My Mother (1)

My mother was born into a Catholic family of landed-gentry stock. Her father was a KC – King’s Counsel – who I think specialized in suing labour unions. His wife bore a dozen kids between, roughly, 1910 and 1927. Quite a caste, of which only one is now left:

Uncle C  –  Founded a successful partnership and became a millionaire when it mean something, but went armed at times because of who he did business with (I never worked it all out); disowned one of his sons for being gay.

Aunt J  –  I last saw her alive when she was in her 80s, smoking hashish in Morocco.

Uncle N  –   Became a priest in France; interned by Nazis during war; arrested on child porn charges in 1980s or so but let off owing to supposed Resistance connections with President Mitterand; ended days in remote monastery.

Uncle R   –  Air Force Wing Commander; bombed Somali villages for non-payment of tax (they dropped leaflets to warn them first); killed in raid over Germany.

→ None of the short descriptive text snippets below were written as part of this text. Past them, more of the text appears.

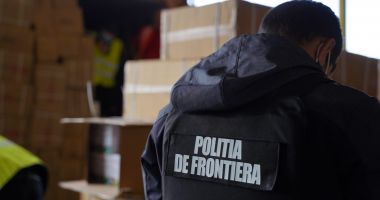 Stire din Eveniment : Polițist de frontieră, găsit împușcat în cap în mașină. Acesta urma să păzească o secție de votare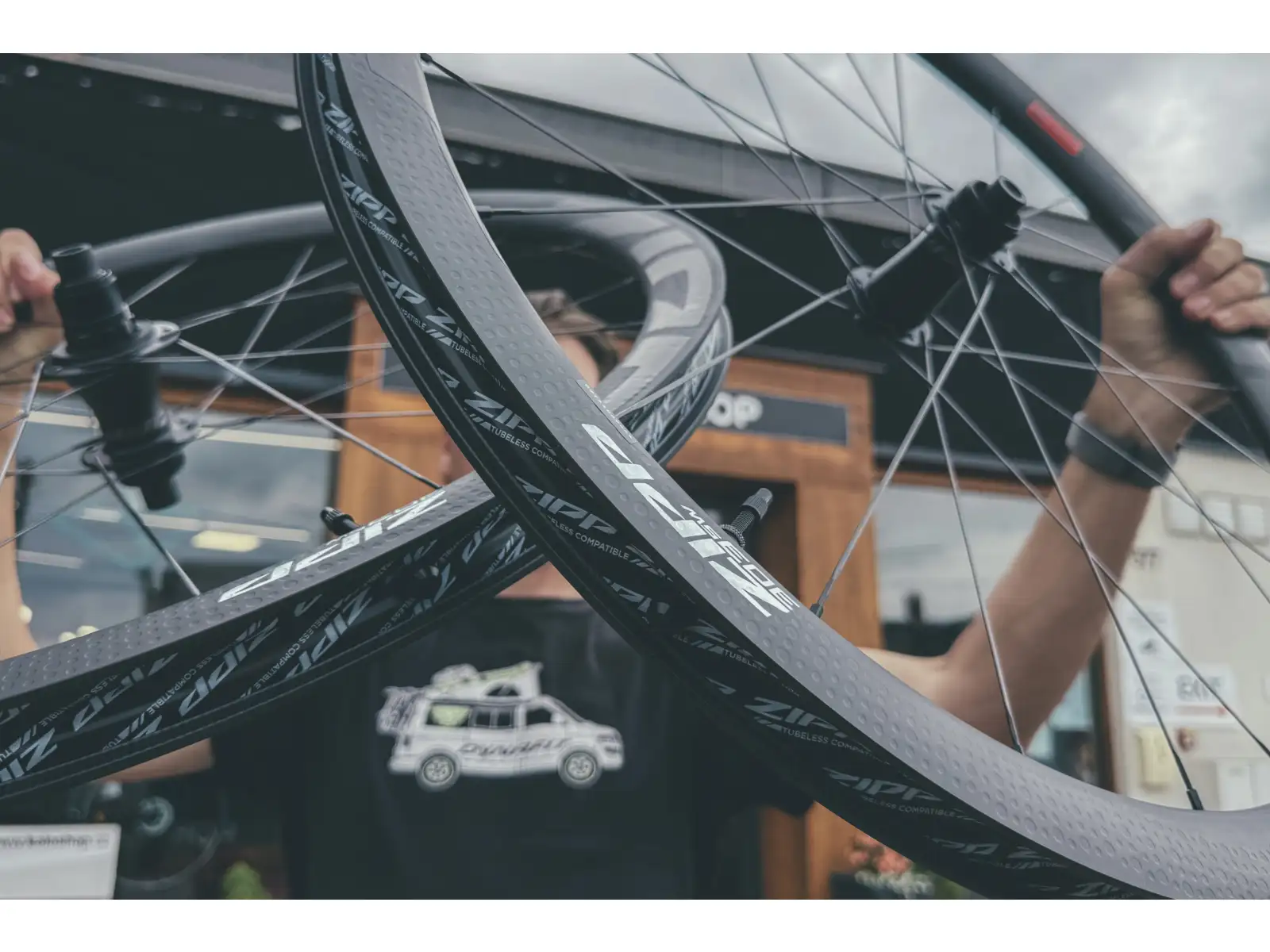 Zipp 303 SW Carbon Tubeless CenterLock A1 rear wheel XDR freehub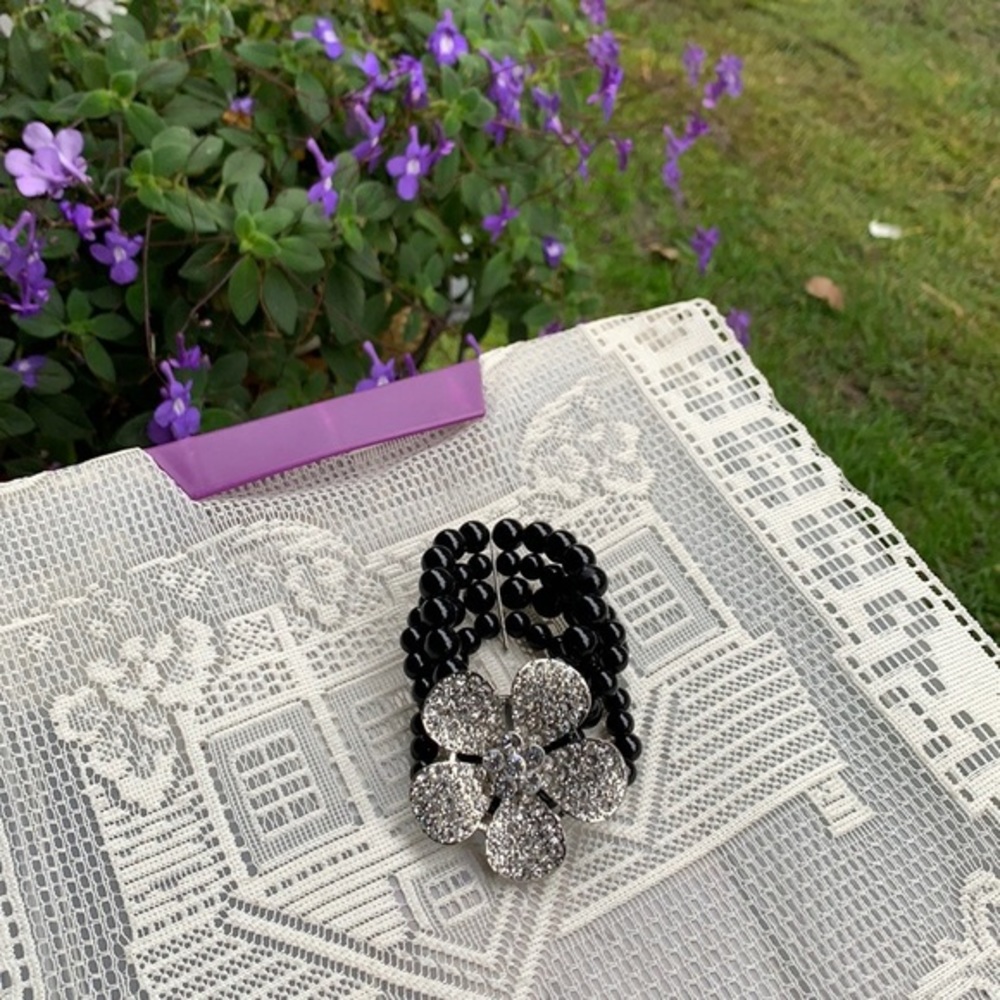 Bling Flower Stretch Bracelet Pre Owned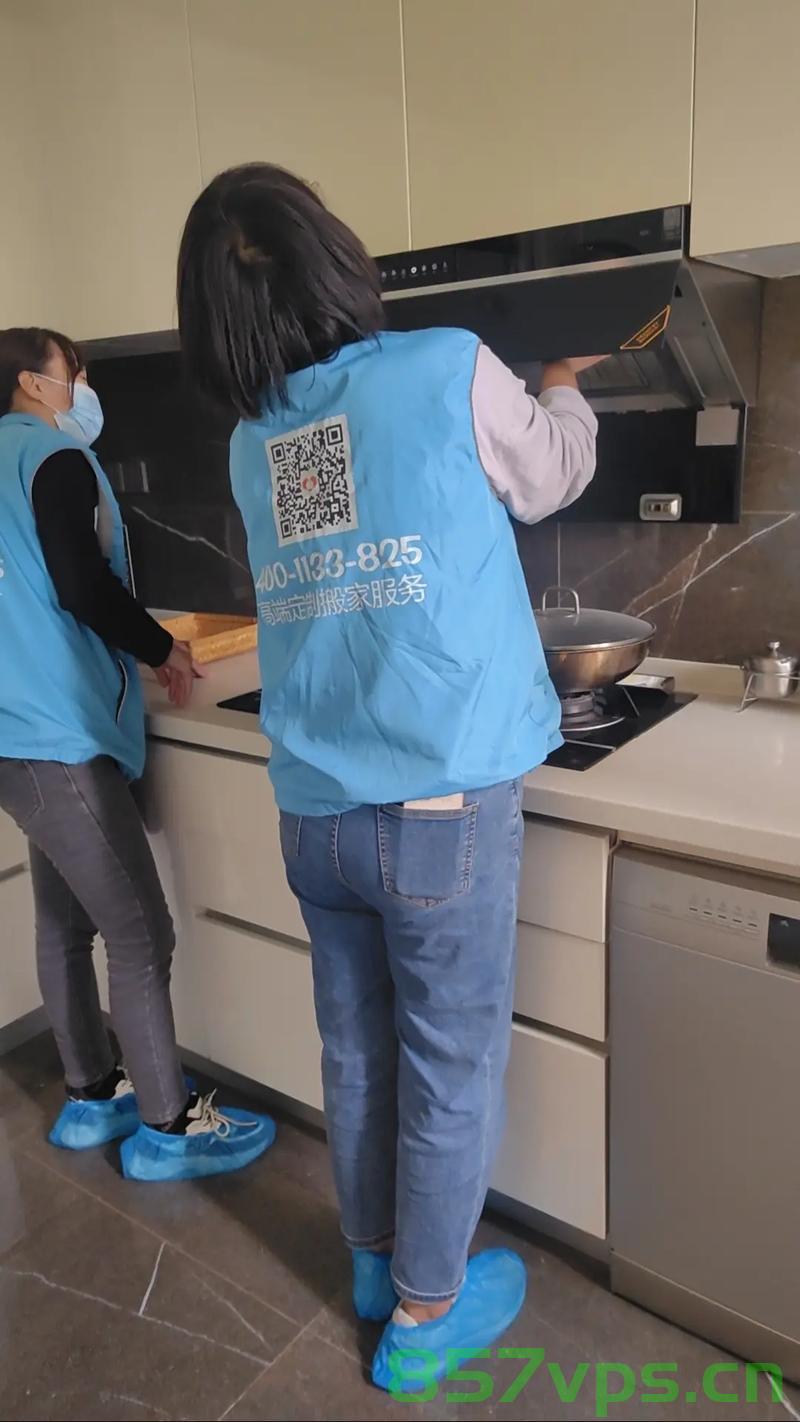 男子遭搬家式保洁，深度探究背后的故事与启示智能免费问答EasyAI m.857vps.cn，男子遭遇搬家式保洁背后的故事与启示，智能问答揭示真相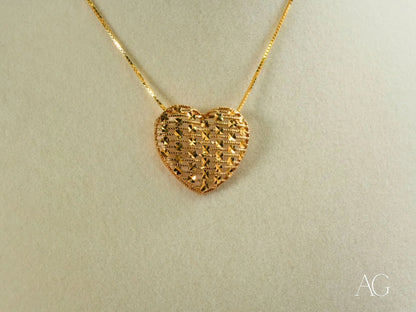 18k gold golden heart pendant necklace with textured lattice pattern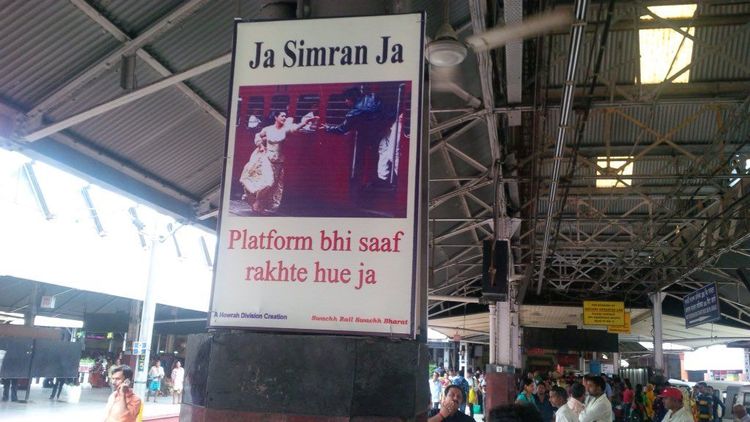 मुंबईच्या रेल्वे स्टेशनवर आता गब्बर,  राज सिमरन देताहेत स्वच्छतेचा संदेश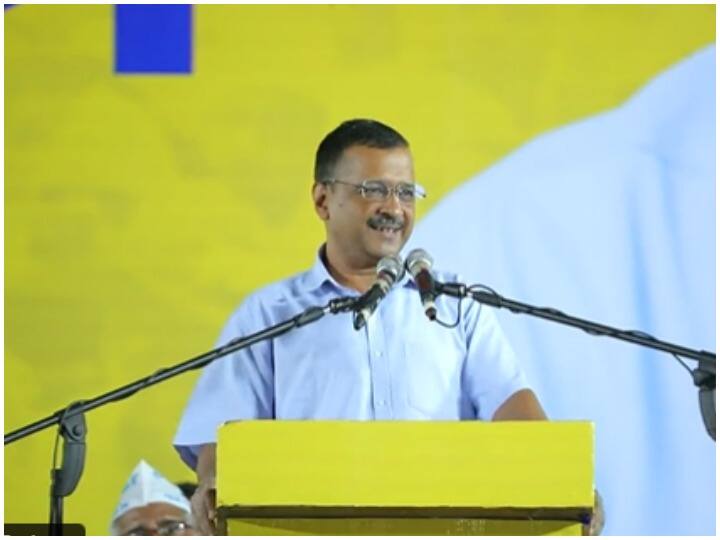 Arvind Kejriwal Rally in Gujarat Rajkot says BJP works for rich people we are here work not Politics Arvind Kejriwal Gujarat Rally: गुजरात के राजकोट में बोले अरविंद केजरीवाल - मुझे राजनीति नहीं काम करना आता है, अमीरों की पार्टी है बीजेपी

Aunt O   –  Lived in Egypt, Persia, Texas and W Virginia and had different coloured eyes – forbidden in Texas, according to a driver’s licence issuing officer; amazing cook.

Aunt G   –  Lived in Australia and sent my mother ‘luxury’ (by Oz standards) food parcels for decades after WW2 rationing ended.

Uncle T   –   Became priest; housemaster at a Catholic boarding school; banished to Bolivia after having an affair (and, rumour has it, kids); spent remaining days kicking stones and sand over the pagan Nazca Lines in the Peruvian desert.

My mother

A few boring ones, plus the sole surviving member of this soap opera…

Aunt S   –  Lived in Aden and Malta; now divides time between playing croquet and screaming at nephews and nieces over the phone for not treating her with sufficient respect (eg leaving message on answering machine rather than sending a liveried messenger carrying handwritten greetings on genuine parchment); one daughter married a member of the House of Lords, the other committed suicide; wrecks every family gathering by insulting everyone loudly.

We have a moral quandary: it would be unconscionable not to invite Aunt S, the one survivor of that generation, to her late last living sibling’s funeral; it would also be complete madness to let this crazed old bat anywhere near the proceedings. What to do? I am leaning towards hiring security guards or slipping her valium.